# Task to complete
Repeat the listing below word for word, stopping after the line that contains "3. Corrective actions".
----
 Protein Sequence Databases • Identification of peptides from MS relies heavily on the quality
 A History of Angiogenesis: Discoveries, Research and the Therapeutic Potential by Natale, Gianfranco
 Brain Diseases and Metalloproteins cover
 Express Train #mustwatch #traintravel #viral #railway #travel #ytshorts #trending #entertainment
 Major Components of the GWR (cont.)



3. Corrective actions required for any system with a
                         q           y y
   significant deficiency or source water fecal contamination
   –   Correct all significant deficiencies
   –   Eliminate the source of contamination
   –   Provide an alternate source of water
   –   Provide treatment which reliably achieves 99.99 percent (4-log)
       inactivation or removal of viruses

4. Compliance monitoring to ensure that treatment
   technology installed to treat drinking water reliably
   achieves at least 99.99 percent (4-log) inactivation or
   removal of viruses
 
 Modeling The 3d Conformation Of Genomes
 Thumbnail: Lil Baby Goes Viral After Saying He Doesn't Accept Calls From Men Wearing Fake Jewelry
----
# Solution below
 Protein Sequence Databases • Identification of peptides from MS relies heavily on the quality
 A History of Angiogenesis: Discoveries, Research and the Therapeutic Potential by Natale, Gianfranco
 Brain Diseases and Metalloproteins cover
 Express Train #mustwatch #traintravel #viral #railway #travel #ytshorts #trending #entertainment
 Major Components of the GWR (cont.)



3. Corrective actions required for any system with a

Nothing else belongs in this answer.